● DATASET:
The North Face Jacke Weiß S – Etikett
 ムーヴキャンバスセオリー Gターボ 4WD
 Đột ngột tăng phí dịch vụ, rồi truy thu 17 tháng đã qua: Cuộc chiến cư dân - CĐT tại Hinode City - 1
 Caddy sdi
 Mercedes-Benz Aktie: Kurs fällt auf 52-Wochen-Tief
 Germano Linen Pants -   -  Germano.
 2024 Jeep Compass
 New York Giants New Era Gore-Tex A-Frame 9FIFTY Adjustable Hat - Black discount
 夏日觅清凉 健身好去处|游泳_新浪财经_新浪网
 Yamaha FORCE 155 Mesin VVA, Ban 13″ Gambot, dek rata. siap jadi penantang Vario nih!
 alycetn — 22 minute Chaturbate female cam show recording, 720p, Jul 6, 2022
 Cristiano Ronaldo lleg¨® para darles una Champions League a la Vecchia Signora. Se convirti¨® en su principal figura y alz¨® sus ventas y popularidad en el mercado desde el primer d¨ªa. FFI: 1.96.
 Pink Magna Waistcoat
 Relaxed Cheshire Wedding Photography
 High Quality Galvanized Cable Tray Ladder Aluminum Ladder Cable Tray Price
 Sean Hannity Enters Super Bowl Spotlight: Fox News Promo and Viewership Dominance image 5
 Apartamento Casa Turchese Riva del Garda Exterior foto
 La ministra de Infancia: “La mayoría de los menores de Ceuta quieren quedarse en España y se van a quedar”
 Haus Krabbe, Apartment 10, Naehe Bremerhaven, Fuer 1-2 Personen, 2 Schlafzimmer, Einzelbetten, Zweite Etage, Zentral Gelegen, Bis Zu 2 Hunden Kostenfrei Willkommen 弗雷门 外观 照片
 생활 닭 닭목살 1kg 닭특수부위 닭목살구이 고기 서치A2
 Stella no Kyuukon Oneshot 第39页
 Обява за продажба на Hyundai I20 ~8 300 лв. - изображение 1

● WHAT THE TASK ASKS: Precisely as given, transcribe all of the entries above.

● SOLVED PROBLEM:
The North Face Jacke Weiß S – Etikett
 ムーヴキャンバスセオリー Gターボ 4WD
 Đột ngột tăng phí dịch vụ, rồi truy thu 17 tháng đã qua: Cuộc chiến cư dân - CĐT tại Hinode City - 1
 Caddy sdi
 Mercedes-Benz Aktie: Kurs fällt auf 52-Wochen-Tief
 Germano Linen Pants -   -  Germano.
 2024 Jeep Compass
 New York Giants New Era Gore-Tex A-Frame 9FIFTY Adjustable Hat - Black discount
 夏日觅清凉 健身好去处|游泳_新浪财经_新浪网
 Yamaha FORCE 155 Mesin VVA, Ban 13″ Gambot, dek rata. siap jadi penantang Vario nih!
 alycetn — 22 minute Chaturbate female cam show recording, 720p, Jul 6, 2022
 Cristiano Ronaldo lleg¨® para darles una Champions League a la Vecchia Signora. Se convirti¨® en su principal figura y alz¨® sus ventas y popularidad en el mercado desde el primer d¨ªa. FFI: 1.96.
 Pink Magna Waistcoat
 Relaxed Cheshire Wedding Photography
 High Quality Galvanized Cable Tray Ladder Aluminum Ladder Cable Tray Price
 Sean Hannity Enters Super Bowl Spotlight: Fox News Promo and Viewership Dominance image 5
 Apartamento Casa Turchese Riva del Garda Exterior foto
 La ministra de Infancia: “La mayoría de los menores de Ceuta quieren quedarse en España y se van a quedar”
 Haus Krabbe, Apartment 10, Naehe Bremerhaven, Fuer 1-2 Personen, 2 Schlafzimmer, Einzelbetten, Zweite Etage, Zentral Gelegen, Bis Zu 2 Hunden Kostenfrei Willkommen 弗雷门 外观 照片
 생활 닭 닭목살 1kg 닭특수부위 닭목살구이 고기 서치A2
 Stella no Kyuukon Oneshot 第39页
 Обява за продажба на Hyundai I20 ~8 300 лв. - изображение 1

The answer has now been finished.